There are all sorts of different supplements on the market and all most all of the companies that produce them claim to have the magic bullet that will have the dramatic effect at curing your weight problem quickly.  The problem is most of them have never been studied by an independent not biased party.   

A few months ago, I reviewed a product that has been out there for years by a large supplement company.  While reviewing the product, I looked at the research they claimed made you muscles bugger much quicker than exercise alone.  One study they quoted was on heart muscle.  The muscle did not get larger, but it did have more blood flow.  Heart muscle is not the same type of muscle as our arm or legs and it responds differently.  The company equated blood flow with quicker recover and faster muscle building.  The second study they quoted was one that they funded.  This study is automatically suspect as having bias.   

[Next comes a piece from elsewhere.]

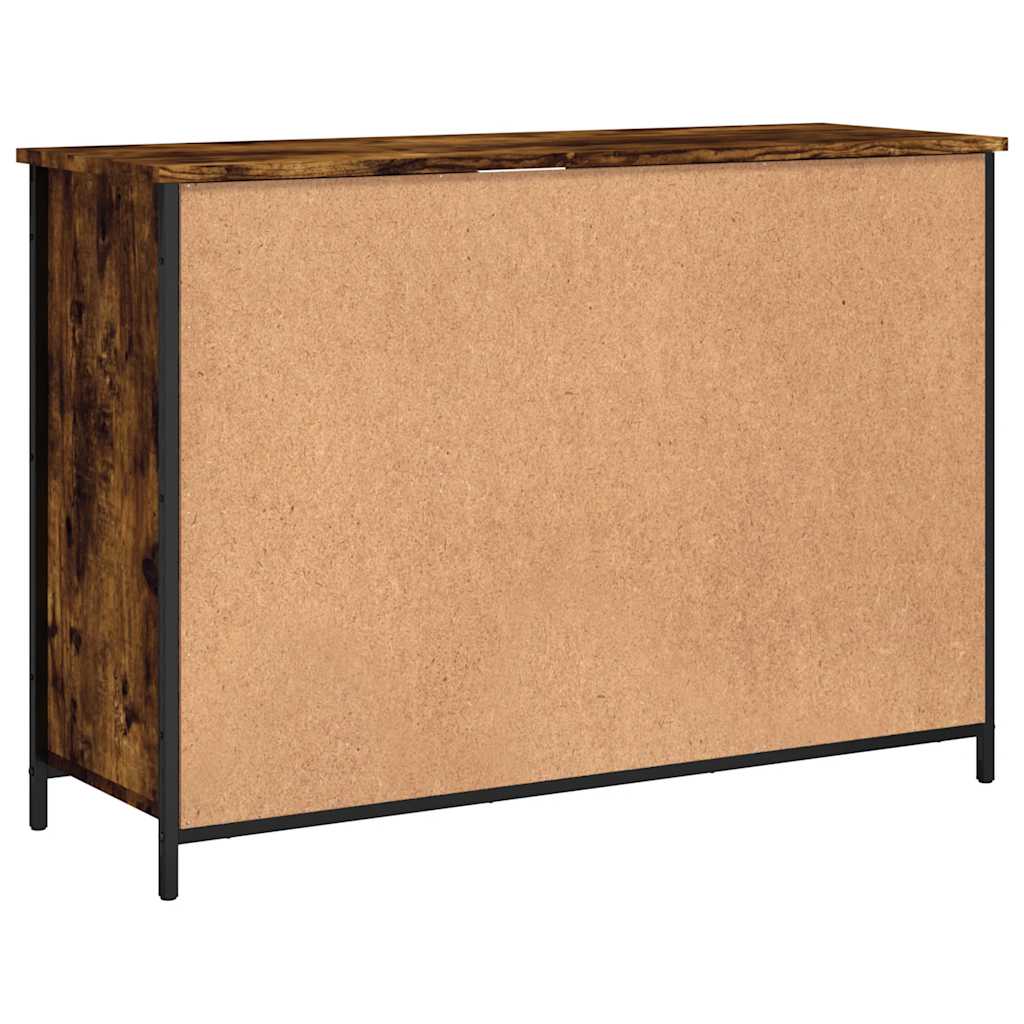 Komoda boja dimljenog hrasta 100 x 35 x 70 cm konstruirano drvo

Do supplements work?  Yes and no.  Most of the supplements work by increasing your calories and providing a positive results through the placebo effect. The placebo effect is sold by the provider or researcher by selling the product similar to how a commercial sells McDonalds to our children through commercials.  Nearly 30 percent can be sold on the benefits of a sugar pill to cure their pain.  

This bigger issue is the side effects.  They range from an elevated pulse and blood pressure to strokes and liver failure[1].  I just cannot see the risk of living the rest of your life in a diaper or needing a liver transplant being worth 1-2 pounds of weight loss.  

Fact:  Will supplements help you lose weight?  Potentially yes, but they are not a magic pill.  Most supplements for weight loss are useless unless you goal is fund the retirements for supplement company executives.  There are a few supplements that can have a small effect on weight loss, but the effect is short lived and you will not maintain it and it will almost be a few pounds. The best ones may help you lose a few pounds over several months.

I will post more on individual supplements over the next few months.  

Footnotes
[1]Chatham-Stephens et al., “Hepatotoxicity Associated with Weight Loss or Sports Dietary Supplements, Including OxyELITE ProTM – United States, 2013.”

References:

Chatham-Stephens, K, E Taylor, A Chang, A Peterson, J Daniel, C Martin, P Deuster, et al. “Hepatotoxicity Associated with Weight Loss or Sports Dietary Supplements, Including OxyELITE ProTM – United States, 2013.” Drug Testing and Analysis, July 1, 2016 [PubMed]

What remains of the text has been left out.